The two day meeting brings together Members of EALA and resource persons from institutions working round the clock to ensure Africa’s concerns are taken on board fully when SDGs are rolled out. The Institutions are Society for International Development, Africa Platform and the Institute for Economic Affairs. Its objectives include updating the Assembly on the status and details of MDGs and the post 2015 plus 2063 and the Vision of the EAC. The meeting also analyses performance at the EAC level, hindrances and challenges learnt from MDGs while focusing on EALA mandate in promoting good governance, Transparency and Accountability. The sensitization workshop is also to explore strategies to ensuring the Global Development Framework (Post 2015 Agenda) is implemented and realized.
The Speaker said that EALA would hold Partner States accountable and enhance its oversight role in the dispensation.

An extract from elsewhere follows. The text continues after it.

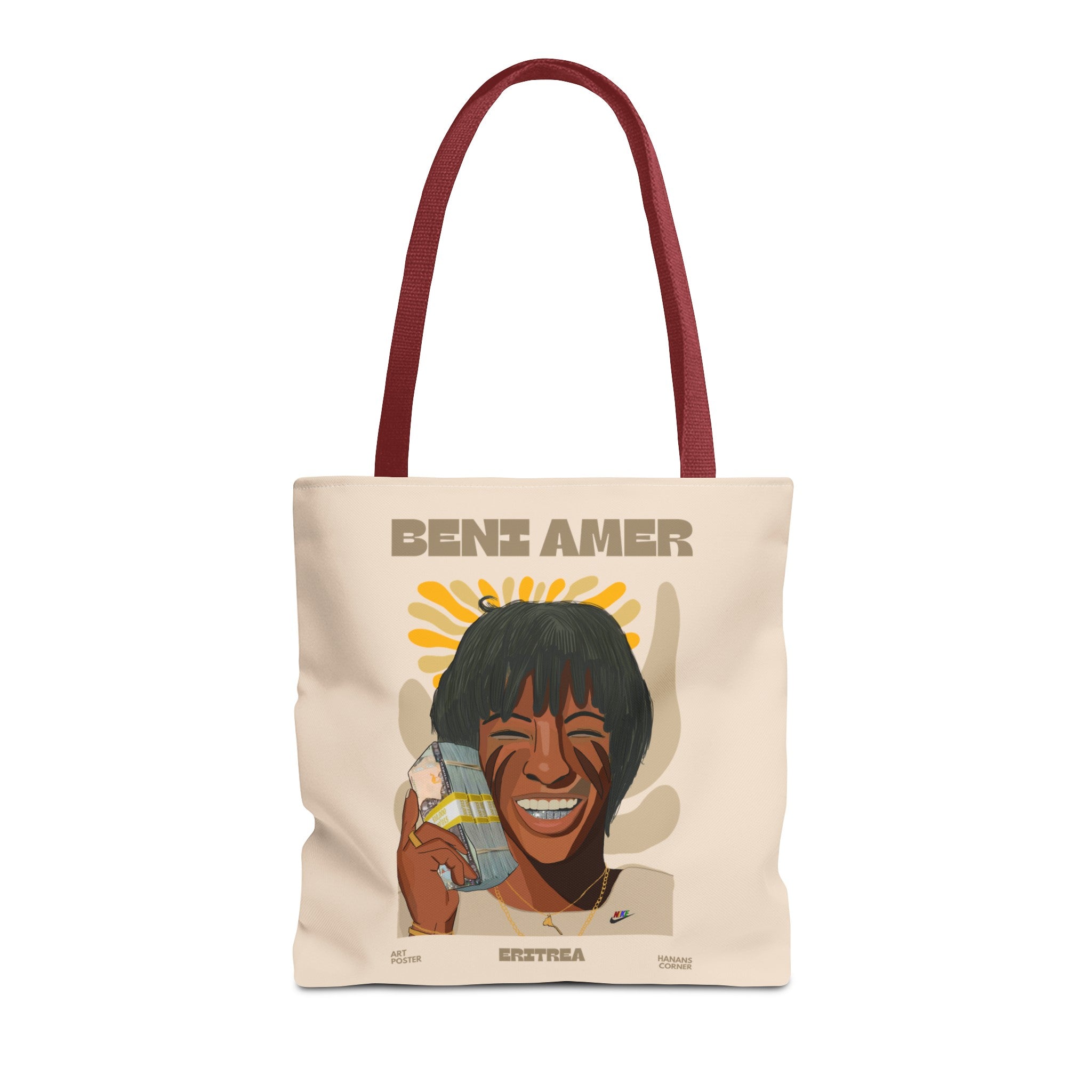 Beni Amer - Tote Bag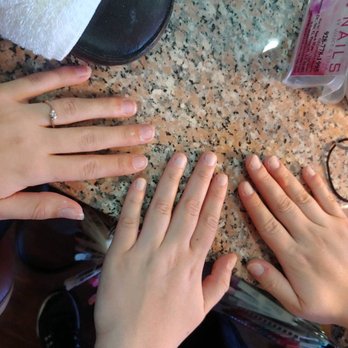 Vt Nails - Mine and my roommates before our manicures. - Nail Salons Near Me - Prescott, Arizona Vt Nails - Mine and my roommates before our manicures. - Nail Salons Near Me - Prescott, Arizona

For example, on legislation, can we check if each of our Partner States have enacted laws in the areas on SDGs. If the laws are in place, are they being implemented? Has the public been sensitized about these laws? How much have we budgeted for the effective implementation of laws?
He noted that it was important for the East African Community to allocate and appropriate more resources in the area of SDGs. He remarked that EALA was keen to enact a regional piece of legislation relevant to the realization of the SDGs.
The Head of the Africa Platform Secretariat, Paul Okumu remarked that it was time for African countries to fully implement laws and policies around development. He said a number of SDGs were in one way or another already encapsulated in policy frameworks. “We need to understand that developing countries want to ensure an open democratic space where we can all make decisions and have a vote. This is why the arena such as SDGs that bring together all countries is vital,” He said.
He remarked that the continent may face challenges as the goals may be complex to realise. “Some of the areas have not been completed such as that dealing with Climate change”, he added.
Associate Director of Society for International Development, Ali Hersi said it was necessary to have concrete binding commitments from Partners. He said the role of EALA was key in ensuring concrete steps are realised as the region moves to the comprehensive development goals. He noted that it was important for the Continent to take its place and mark its space in the Development Agenda dispensation.
Analysts contend that as the world transitions from a focus on MDGs to the more comprehensive SDGs, the need for effective, accountable and transparent institutions at all levels to achieve the goals will increasingly take centre stage. The United Nations is expected to hold a global Summit in New York on September 25th-27th , 2015 to adopt the Post 2015 Development Agenda.
Lack of accountability has been identified as a major weakness in MDGs implementation. From the Paris Accord to Accra Declaration to the recent Busan statements, the international Community has continued to express hope that countries’ institutions be sufficiently capacitated to ensure internal supervision of national Government’s international engagements.